LISTED RECORDS:
■ ■ ■
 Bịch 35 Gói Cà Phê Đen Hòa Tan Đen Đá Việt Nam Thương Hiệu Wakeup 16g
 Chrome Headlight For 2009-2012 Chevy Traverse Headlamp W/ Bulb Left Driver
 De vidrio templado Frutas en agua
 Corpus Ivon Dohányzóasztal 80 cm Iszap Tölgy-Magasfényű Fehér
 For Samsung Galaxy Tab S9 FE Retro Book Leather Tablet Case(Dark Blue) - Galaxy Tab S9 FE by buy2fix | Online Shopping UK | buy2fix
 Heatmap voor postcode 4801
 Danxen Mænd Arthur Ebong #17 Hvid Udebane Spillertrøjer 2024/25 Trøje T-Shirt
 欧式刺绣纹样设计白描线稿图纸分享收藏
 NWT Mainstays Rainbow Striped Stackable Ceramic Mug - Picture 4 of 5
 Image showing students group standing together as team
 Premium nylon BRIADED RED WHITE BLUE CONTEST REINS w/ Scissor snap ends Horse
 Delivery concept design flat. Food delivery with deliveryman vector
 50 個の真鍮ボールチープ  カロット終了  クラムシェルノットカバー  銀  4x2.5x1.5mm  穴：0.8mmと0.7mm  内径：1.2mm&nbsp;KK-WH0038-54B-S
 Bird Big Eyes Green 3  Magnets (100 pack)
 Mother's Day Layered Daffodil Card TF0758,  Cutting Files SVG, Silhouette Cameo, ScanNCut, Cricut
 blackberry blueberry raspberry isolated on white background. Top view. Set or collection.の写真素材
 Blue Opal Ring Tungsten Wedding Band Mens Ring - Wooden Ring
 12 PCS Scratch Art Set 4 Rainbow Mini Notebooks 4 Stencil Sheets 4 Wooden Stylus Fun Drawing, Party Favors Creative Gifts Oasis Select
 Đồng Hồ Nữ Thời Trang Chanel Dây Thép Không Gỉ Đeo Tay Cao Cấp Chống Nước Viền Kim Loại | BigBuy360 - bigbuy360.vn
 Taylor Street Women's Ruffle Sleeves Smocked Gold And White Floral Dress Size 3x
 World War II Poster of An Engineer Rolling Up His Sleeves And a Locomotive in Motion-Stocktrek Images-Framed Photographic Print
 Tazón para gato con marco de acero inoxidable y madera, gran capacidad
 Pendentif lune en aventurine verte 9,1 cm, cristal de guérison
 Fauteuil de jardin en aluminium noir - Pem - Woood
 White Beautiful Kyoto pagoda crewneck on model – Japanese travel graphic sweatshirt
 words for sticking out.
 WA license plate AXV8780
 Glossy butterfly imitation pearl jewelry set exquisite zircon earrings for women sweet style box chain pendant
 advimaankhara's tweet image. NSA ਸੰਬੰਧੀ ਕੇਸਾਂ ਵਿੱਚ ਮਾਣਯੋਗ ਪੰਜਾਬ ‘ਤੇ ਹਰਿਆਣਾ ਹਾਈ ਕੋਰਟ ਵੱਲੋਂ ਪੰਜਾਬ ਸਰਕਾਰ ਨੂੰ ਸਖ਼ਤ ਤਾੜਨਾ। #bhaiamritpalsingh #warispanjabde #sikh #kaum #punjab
■ ■ ■
ASSIGNMENT: Look above for the line containing "Bird Big Eyes" and the line containing "blackberry blueberry raspberry". Transcribe both, with the lines between them, exactly.

THE ANSWER:
 Bird Big Eyes Green 3  Magnets (100 pack)
 Mother's Day Layered Daffodil Card TF0758,  Cutting Files SVG, Silhouette Cameo, ScanNCut, Cricut
 blackberry blueberry raspberry isolated on white background. Top view. Set or collection.の写真素材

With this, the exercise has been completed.